Written by Marine Log Staff
Aerial view of Port of Oakland

Image: Port of Oaklanf

Officials at the Port of Oakland, Calif., are calling on shipping lines to route more to the port in the middle of supply chain crises elsewhere. The port says its marine terminals are congestion-free and is urging the restoration of shipping services that have bypassed Oakland since summer.

“There’s no congestion at the Oakland seaport, and we’re ready for more business,” said Port of Oakland maritime director Bryan Brandes, yesterday. “We need ocean carriers to reinstate services in order to stabilize the supply chain, and our import and export partners echo this sentiment.”

The port says containerized cargo volume is up 4.2 percent in 2021 but insists there’s capacity for more. That’s in contrast to Southern California ports where up to 70 ships daily wait at anchor for berth space.

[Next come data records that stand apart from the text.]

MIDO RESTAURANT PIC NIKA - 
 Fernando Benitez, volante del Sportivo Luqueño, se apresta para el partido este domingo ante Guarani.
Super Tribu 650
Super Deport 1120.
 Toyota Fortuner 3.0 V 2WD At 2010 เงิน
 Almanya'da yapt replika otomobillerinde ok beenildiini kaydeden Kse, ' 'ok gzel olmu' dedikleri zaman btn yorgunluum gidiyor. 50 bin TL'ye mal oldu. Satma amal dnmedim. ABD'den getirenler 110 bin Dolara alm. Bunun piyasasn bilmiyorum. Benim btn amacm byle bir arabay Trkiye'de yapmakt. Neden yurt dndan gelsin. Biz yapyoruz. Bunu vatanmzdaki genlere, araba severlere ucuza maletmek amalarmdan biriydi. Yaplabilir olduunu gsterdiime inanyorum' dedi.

The port said it hasn’t experienced vessel backlogs since August.

Oakland’s call for cargo comes as the U.S. struggles to remedy supply chain gridlock, with ports on the west, gulf and east coasts experiencing major delays in moving cargo.

Oakland said shipping lines can help ease the gridlock by steering ships back to Oakland. Several ocean carriers omitted Oakland in recent months, the port said. It explained that excessive Southern California delays necessitated immediate return of some ships to Asia without stopping in Oakland.

According to the port, 54 vessels stopped in Oakland last month. It was the lowest vessel call total since 2015, the port said. As a result, September import volume declined 13 percent from September 2020, the Port said. Exports were down 18 percent.

The port says it expects service restoration to begin next month as supply chain congestion grinds on elsewhere and that vessels would find clear sailing to berth without gridlock. It adds that import cargo would be available for pick-up within days of discharge from ships.

“We should see vessel calls and cargo volume recover in October and November,” says Brandes. “We have capacity in Oakland that needs to be put to use to help shore up the supply chain and support our economy.”